The Kerala government's legal advisor informed the trial court that the official communication from the Supreme Court, which had on Tuesday vacated a stay on the trial (See: Supreme Court clears way for trial of CVC chief in Kerala), was still awaited.
Key documents relating to the 10-year case were also with the apex court in Delhi and would take time to reach the state capital, it was argued.
Kerala's vigilance and anti-corruption bureau filed a charge-sheet in the trial court in 2003 against Thomas and seven other persons - including former state chief minister K. Karunakaran - accusing them of causing a loss of Rs2.32 crore to the state exchequer, while importing 15,000 tonnes of palmolein oil from a Singapore firm.
Karunakaran - who died last month - was the Congress chief minister in 1991 when the oil was imported by the state government and Thomas was the food secretary and member of the Kerala State Civil Supplies Corporation Board. Both Karunakaran and Thomas accused the Left front government of political victimisation and claimed their innocence.
Karunakaran also filed an appeal in the Supreme Court in 2007, and obtained a stay on the proceedings in the trial court in the state capital. Following his death, the court vacated the stay.

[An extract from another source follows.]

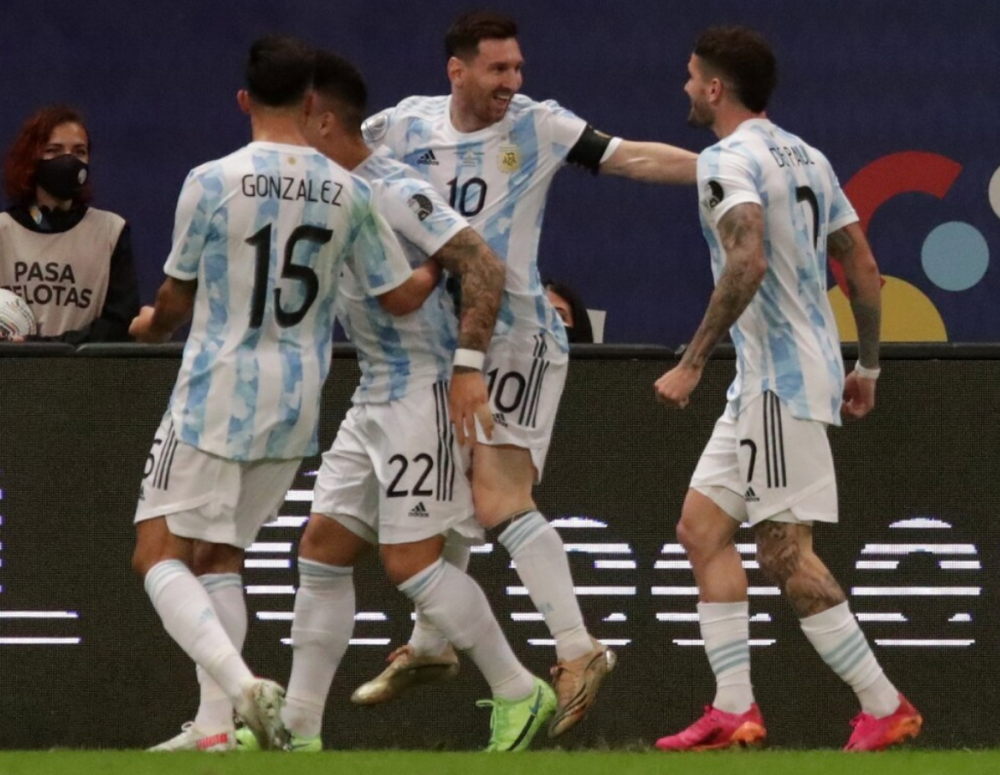 国际米兰绝杀美国，梅西点燃赛场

The opposition parties, led by the Bharatiya Janata Party (BJP), have been gunning for Thomas ever since he was appointed to the top vigilance post in Delhi. The ruling United Progressive Alliance government has, however, defended him strongly.
The Centre for Public Interest Litigation had filed an affidavit in the Supreme Court questioning his appointment as the CVC chief. According to the NGO, the government has established guidelines that prohibit the promotion of officers against whom a criminal charge-sheet is pending.